▶ **GIVEN RECORDS**
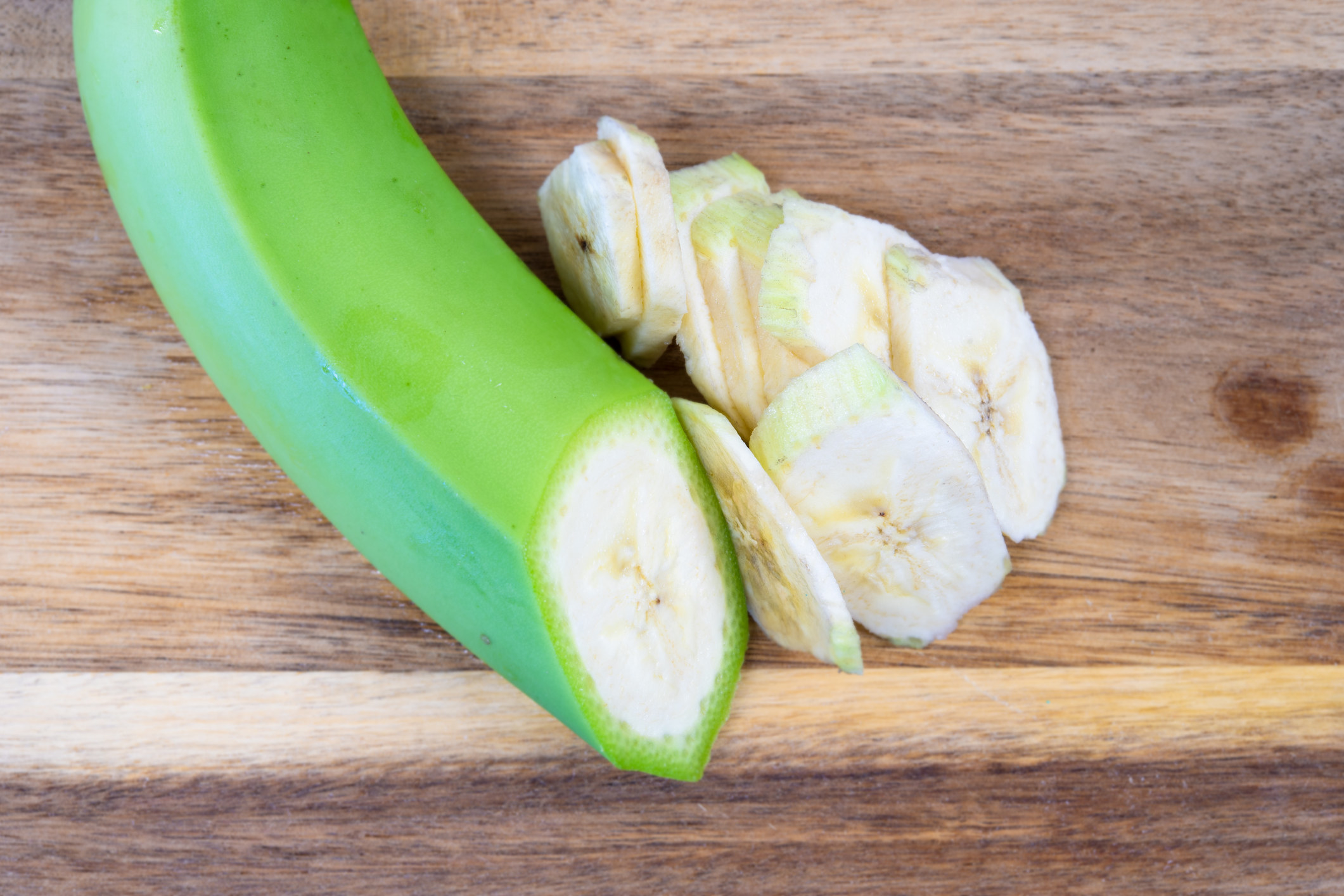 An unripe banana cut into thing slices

...

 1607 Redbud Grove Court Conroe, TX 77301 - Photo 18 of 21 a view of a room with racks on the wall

---

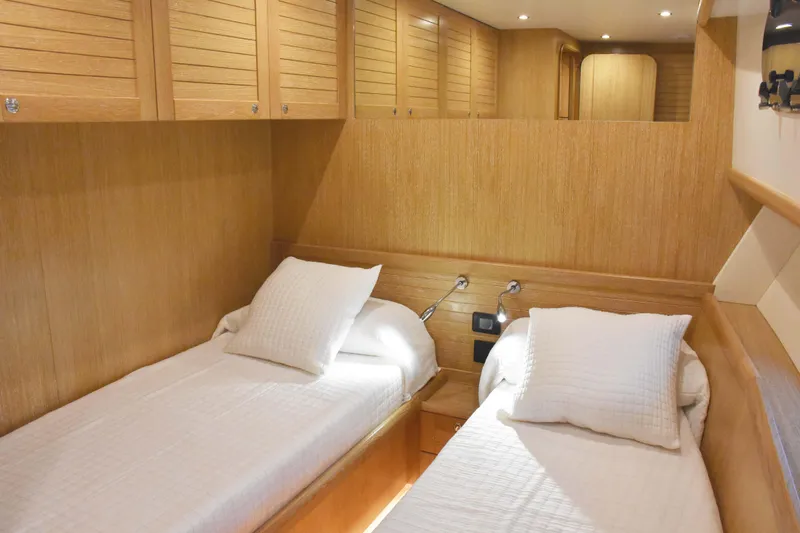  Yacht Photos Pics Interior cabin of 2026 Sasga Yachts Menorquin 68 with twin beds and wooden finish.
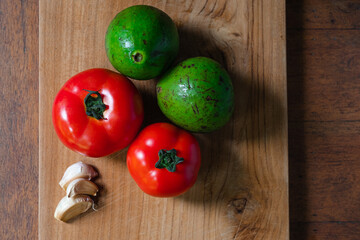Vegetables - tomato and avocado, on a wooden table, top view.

▶ **PROBLEM REQUIREMENTS**
When copying from the data above, begin at the line containing "Yacht Photos Pics" and end at the line containing "Vegetables - tomato"; return those lines exactly and leave all pictures behind.

▶ **ANSWER SPACE**
  Yacht Photos Pics Interior cabin of 2026 Sasga Yachts Menorquin 68 with twin beds and wooden finish.
Vegetables - tomato and avocado, on a wooden table, top view.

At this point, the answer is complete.